Dataset content »
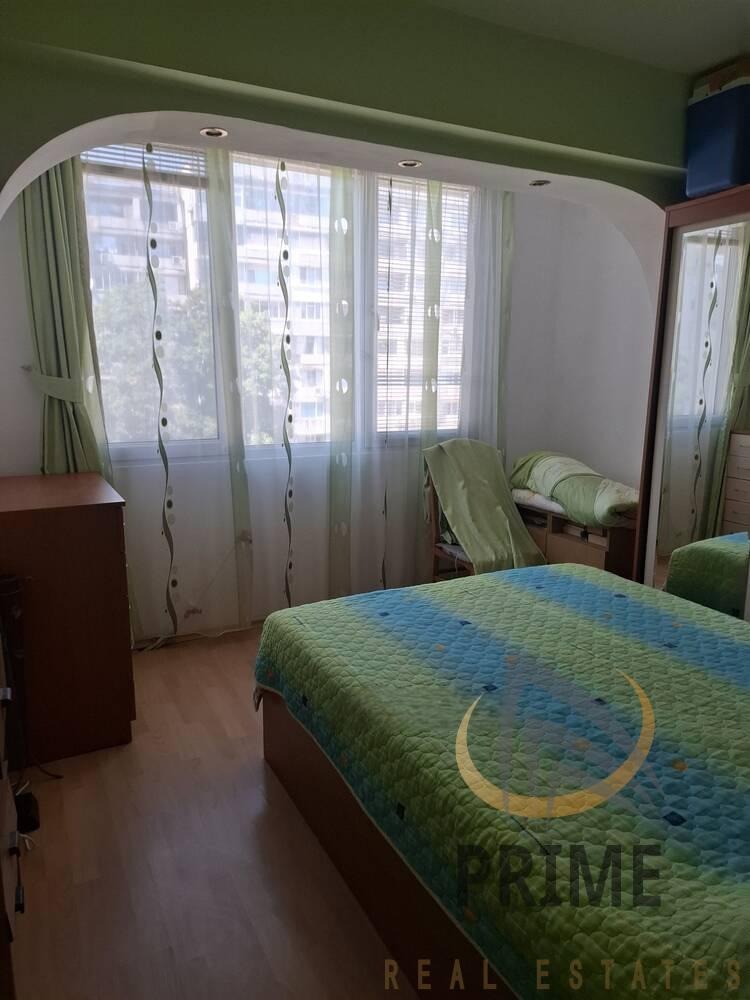 Satılık  2 yatak odası Burgas , Izgrev , 63 metrekare | 71891006 - görüntü [8]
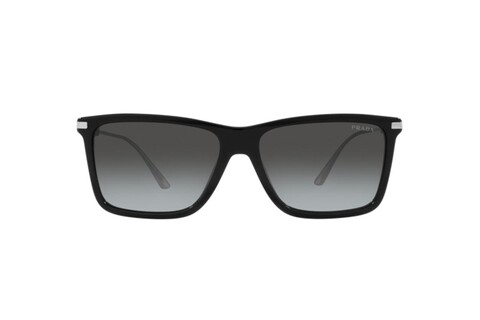 PRADA - 0PR 01ZS 1AB06T 58 Erkek Güneş Gözlüğü (1)
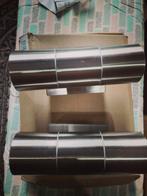 Wandlampen, Huis en Inrichting, Lampen | Wandlampen, Ophalen of Verzenden, Nieuw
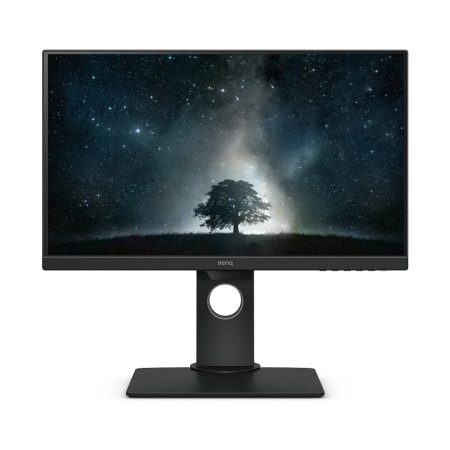 Benq GW2480T (23.8-inch | 1920x1080 | 60Hz | IPS)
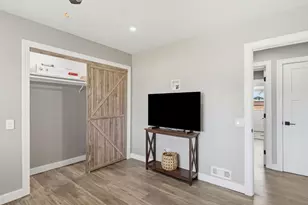 73 Aloha Ct, Petaluma, CA 94952 - Photo 39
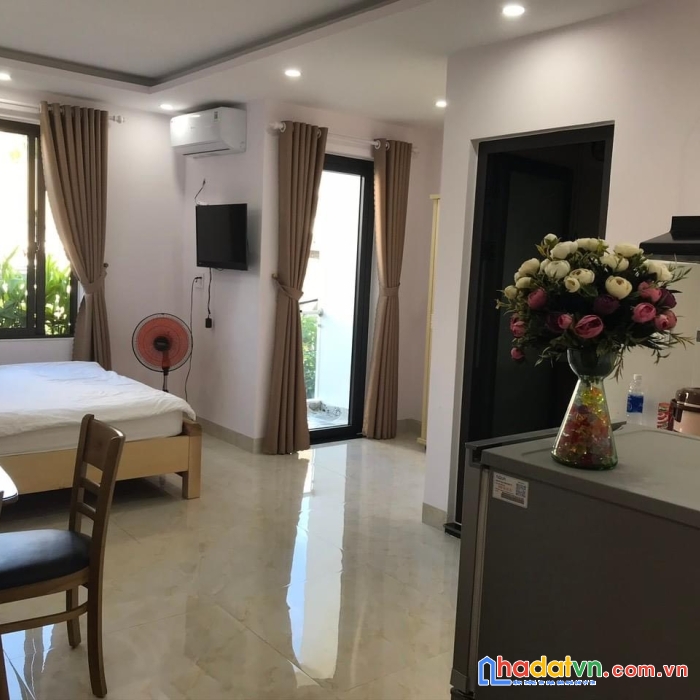 Gấp bán căn hộ đang làm ăn phát tài 30tr/th thế lữ - 95m2 – chỉ 1x tỷ- được giá cọc ngay lập tức.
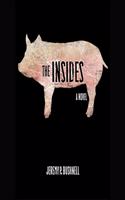 Insides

Assigned task »
Set all of the records down once more, letter for letter, with the images removed.

Answer to the exercise »
 Satılık  2 yatak odası Burgas , Izgrev , 63 metrekare | 71891006 - görüntü [8]
 PRADA - 0PR 01ZS 1AB06T 58 Erkek Güneş Gözlüğü (1)
 Wandlampen, Huis en Inrichting, Lampen | Wandlampen, Ophalen of Verzenden, Nieuw
 Benq GW2480T (23.8-inch | 1920x1080 | 60Hz | IPS)
 73 Aloha Ct, Petaluma, CA 94952 - Photo 39
 Gấp bán căn hộ đang làm ăn phát tài 30tr/th thế lữ - 95m2 – chỉ 1x tỷ- được giá cọc ngay lập tức.
 Insides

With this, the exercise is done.